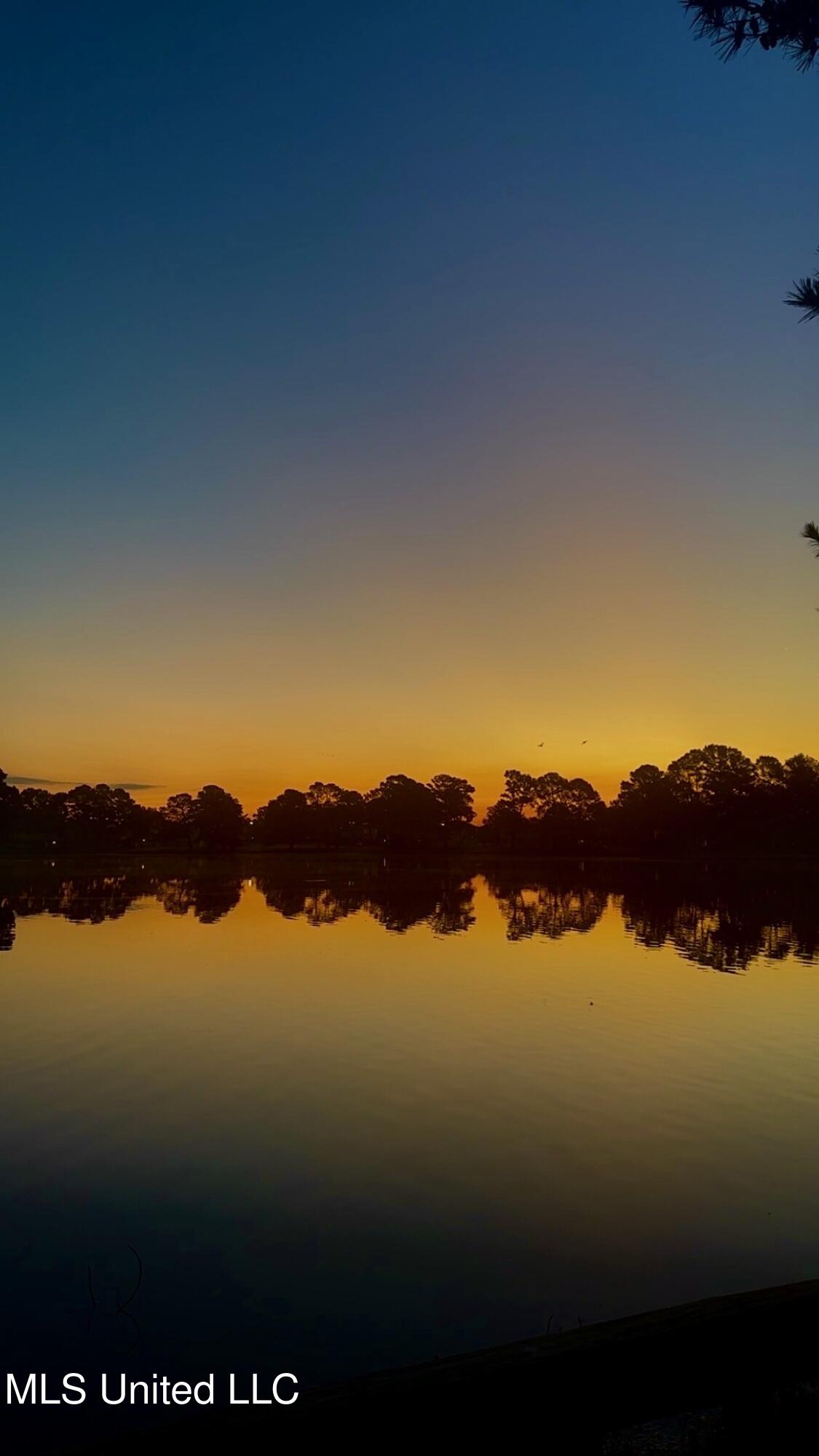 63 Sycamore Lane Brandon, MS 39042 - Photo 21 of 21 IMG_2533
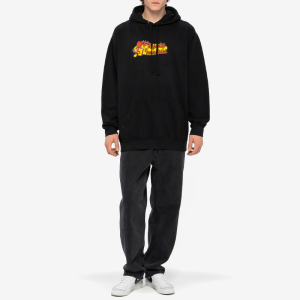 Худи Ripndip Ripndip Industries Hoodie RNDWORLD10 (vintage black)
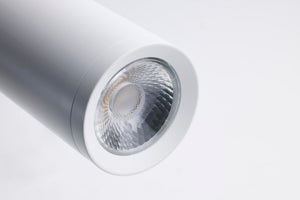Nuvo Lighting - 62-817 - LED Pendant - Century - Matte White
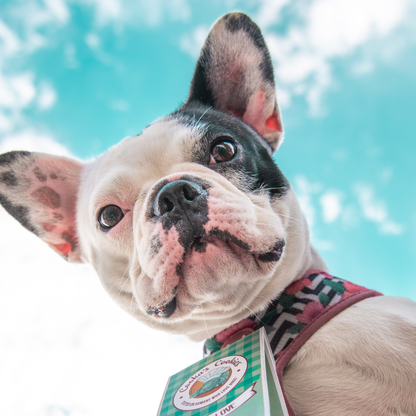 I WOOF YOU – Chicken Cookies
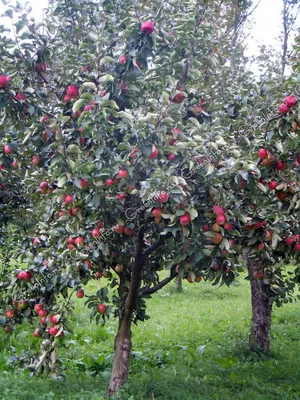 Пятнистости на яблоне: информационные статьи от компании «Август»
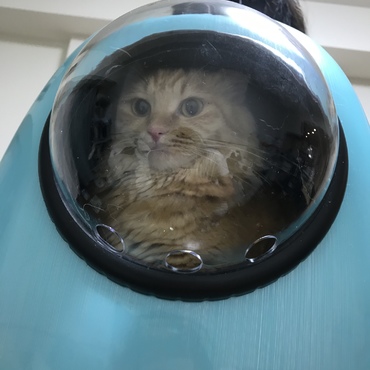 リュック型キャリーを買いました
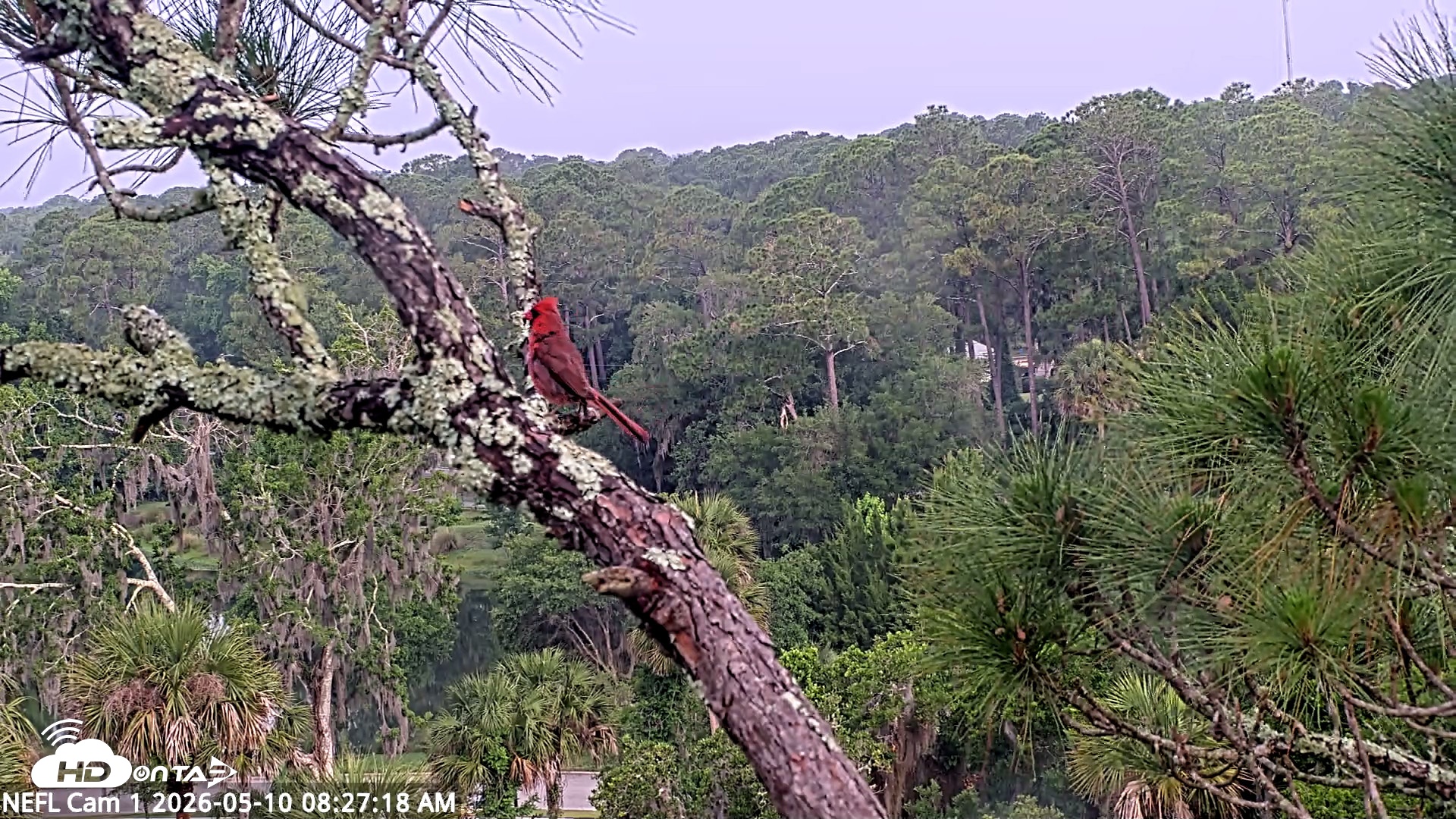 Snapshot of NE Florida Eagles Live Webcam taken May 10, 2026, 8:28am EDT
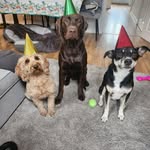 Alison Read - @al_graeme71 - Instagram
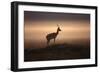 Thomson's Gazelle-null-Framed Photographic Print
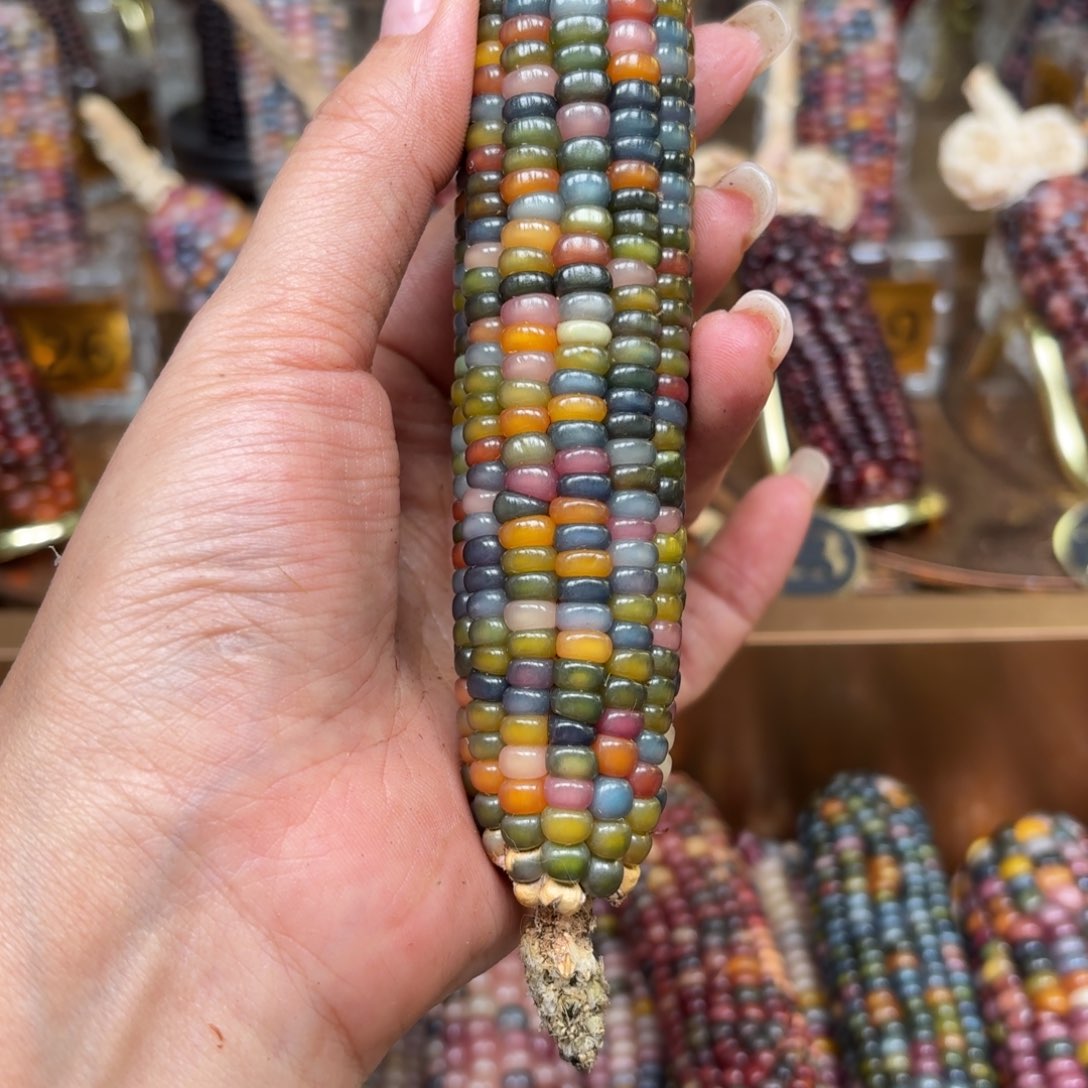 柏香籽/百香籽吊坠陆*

□ □ □ □ □ □ □

## WHAT YOU HAVE TO DO
From the line that contains "Пятнистости на яблоне: информационные" through the last line of the listing, copy each line exactly; both end lines stay in, and pictures stay out.

## ANSWER SECTION
 Пятнистости на яблоне: информационные статьи от компании «Август»
 リュック型キャリーを買いました
 Snapshot of NE Florida Eagles Live Webcam taken May 10, 2026, 8:28am EDT
 Alison Read - @al_graeme71 - Instagram
 Thomson's Gazelle-null-Framed Photographic Print
 柏香籽/百香籽吊坠陆*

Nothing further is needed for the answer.